If a relationship is categorized into the 'make it work' category, 'expectations' begin to play a huge role in its success or breakdown.
You are lazing in your favorite chair and your partner is busy in the kitchen or reading the newspaper. He / she stops what they are doing and walks toward you and you think (expect) a kiss – instead what really happens is he / she picks up a newspaper and sits down on the chair furthest from you and begins to read.
Anything could happen from this point ranging between the two extremes: 1. you continue lazing in the chair, totally unaffected by what happened 2. you become totally unhappy.
Hope and expectations are a very important aspect of our lives and bring joy to every human endeavor. Nothing worthwhile ever happens without it. To appreciate the good things that happen around us, we should definitely have some form of expectation to form the foundation upon which to base the enjoyment of the results.

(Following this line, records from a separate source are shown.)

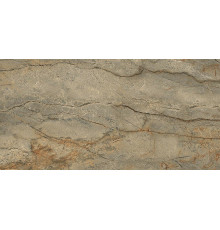 Керамогранит Fusure Ceramic Luxury Stone SS12076 60х120 см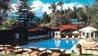 Hotel Quinta Da Casa Branca 5 ***** / Funchal / Mad&egrave;re
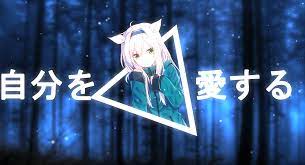 This item will only be visible in searches to you your friends and. Engine Anime Wallpapers Wallpaper Cave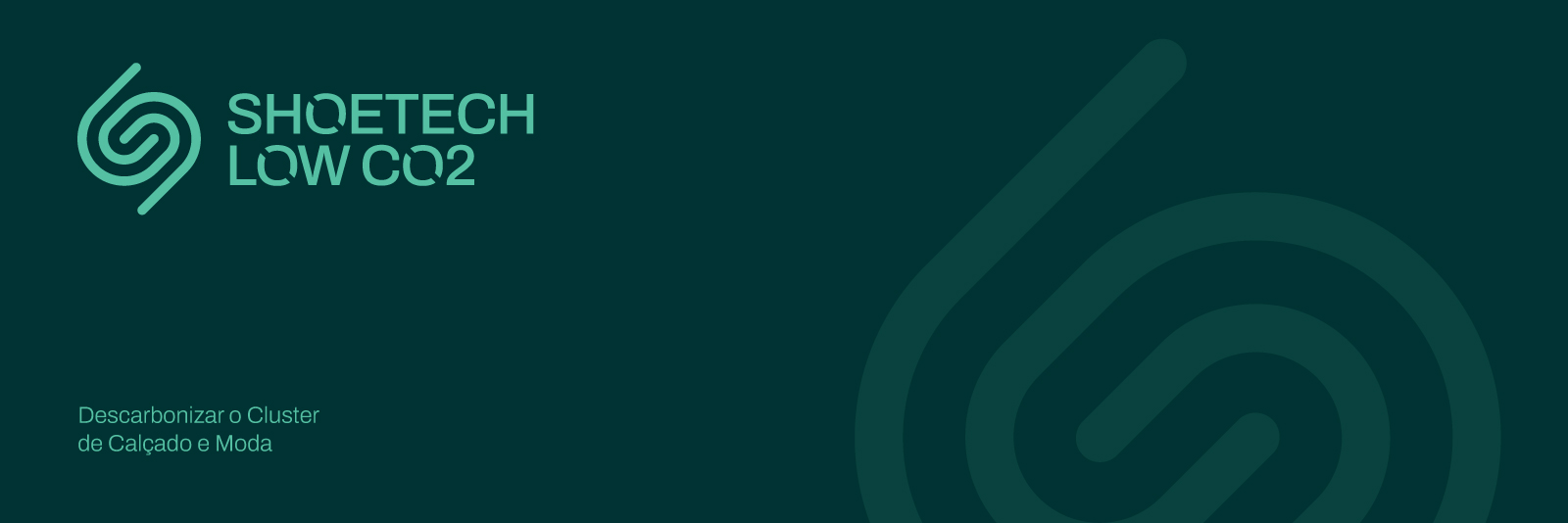 ShoeTech Low CO2 – Descarbonizar o Cluster do Calçado e Moda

Expectations turn into becoming unhealthy when they are unrealistic or unreasonable. It is not a good thing to hope for the impossible or the unreasonable to happen. The chances of anything happening has its own set of probabilities and chances. So many different things can happen to prevent events from taking place just as expected. When it comes to relationships, these chances often depend on the thoughts and mental states of the other person! Considering this, it is amazing how anything at all ever happens as expected.
My first job was at a bank with really bad management. A few days after I joined it, one of my colleagues, a close friend to this day, advised me thus, “If you want to be happy in this place, just don't have any expectations”. I was immediately struck by the deep meaning in those words and they have grown into every area of my life. Although in the beginning I heard it somewhat like “just accept whatever that's dished out”, it quickly transformed itself into “you cannot do much about what's happening now, but you are indeed the architect of your future”.
Relationships are hard work. We should never forget that important point. They need to be lovingly maintained like a bed of roses. They have to be tended to very religiously and maintained with lots of tender loving care. The slightest neglect and ugly weeds will start to sprout from nowhere. If we are to enjoy their beauty we should necessarily give them copious amounts of our time and lots of love. It is only then that they will demand the admiration of our family and friends. Even so, we cannot realistically expect them to bloom and smile every morning. On some mornings they will be radiant and lovely and on others they will be withered and droopy – that's just the way things are. The ability to brave failure without shame and to take effective action to increase the chances of success in the future is also very important when it comes to maintaining a good relationship (Relationships -- what makes and breaks them)
Relationships are made in heaven. Some relationships are never meant to be and I am not referring to those. There are those heady ones that come mushrooming and burn themselves out as suddenly, as they are obviously destined to be. Rising out of the chaff, once in a while, there is the one that blooms and tries to rise above the rest. Now, that is made in heaven and needs to be maintained. Your unfulfilled expectations of today are great sources of encouragement for tomorrow, and they have the power to show what you could do now to mold the future into just about anything that you heart desires.